Hi Team,
We deployed AWX on EKS. Configured cluster auto scaler, hpa(pod auto scaler).
When we increase replica count, pods are failing with insufficient cpu. Nodes are not auto scaling. Nodes are not getting added.
My question: Is there anything else we need to add to cluster for nodes t auto scale.
Please help! Thanks in advance.
Best wishes & Regards,
AB
Hi AB,
At the moment, the awx-operator does not support using a HorizontalPodAutoscaler with it. The problem is that the operator tries to maintain the replicas value set in the spec (or the default of 1). So as the service comes under load, the HPA tries to scale up, but the operator’s reconciliation loop will come by and overwrite the changes the HPA made.
One approach to support HPA’s would be to set watchDependentResources
to False in the watches.yaml, but we have other logic in the operator that depends upon that being true…
More info: https://master.sdk.operatorframework.io/docs/building-operators/ansible/reference/dependent-watches/
We are interested in other potential solutions. For now, if you want to scale up, you can change the value for replicas on the AWX spec and the operator will reconcile that change.
Thank you,
AWX Team
Thank you very much for responding and sharing great info regarding HPA.
We have set replica count as 4 for AWX but two of the pods are going into pending state due to insufficient CPU.
We have also deployed/configured cluster autoscaler and metrics server in the EKS cluster therefore we expecting node group to scale out i.e., to add new nodes in node group but we are wondering why it isn’t happening?

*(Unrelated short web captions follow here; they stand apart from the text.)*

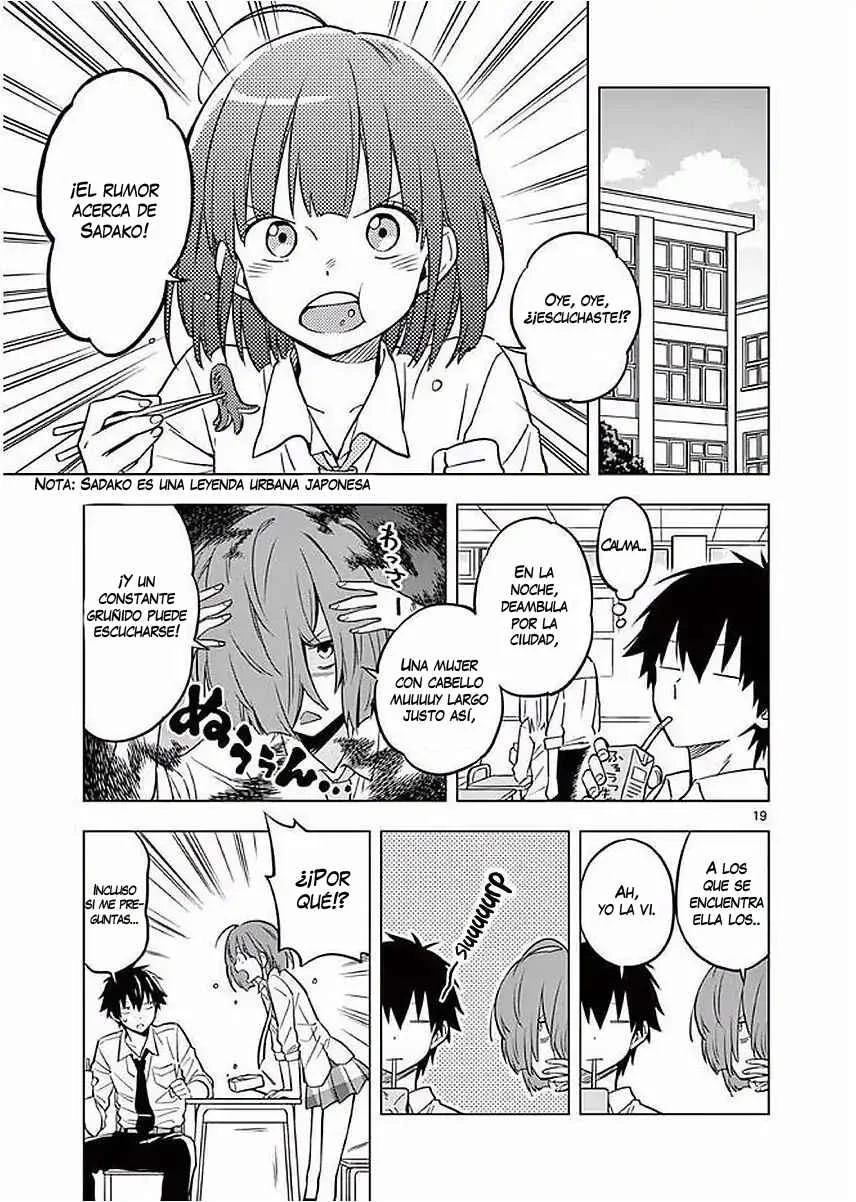 Nidome no Natsu, Nidoto Aenai Kimi Capítulo 3 - Page 18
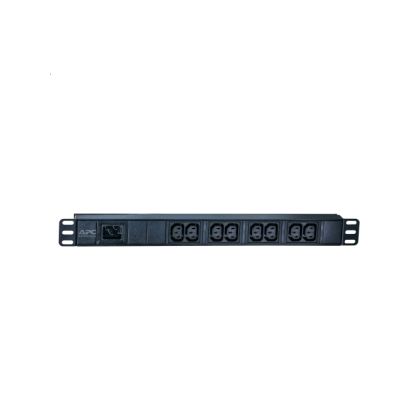 Филтър APC Easy PDU, Basic, 1U, 16A, 230V, (8) C13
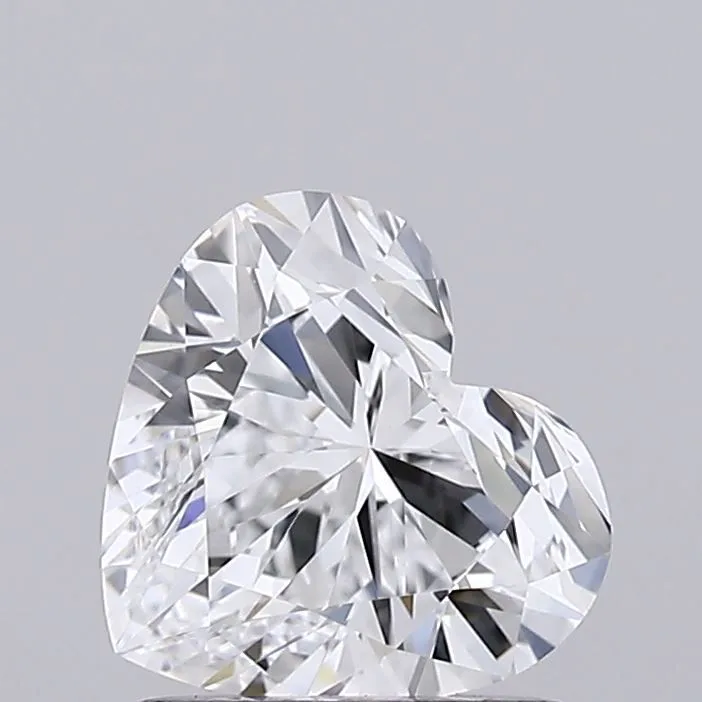 1.03ct HEART D VVS2 Lab Grown diamond
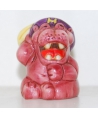 H like hippopotamus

Can you please help us in this regard?
Thanks in advance,
AB
I am not sure about cluster autoscaling. It sounds like the AWX pods are hitting a resource constraint. You could try specifying lower CPU requests on the AWX spec - https://github.com/ansible/awx-operator#containers-resource-requirements
Honestly the default values in that doc are pretty high in my opinion. We should probably change those to 50m each.
Thanks,
Christian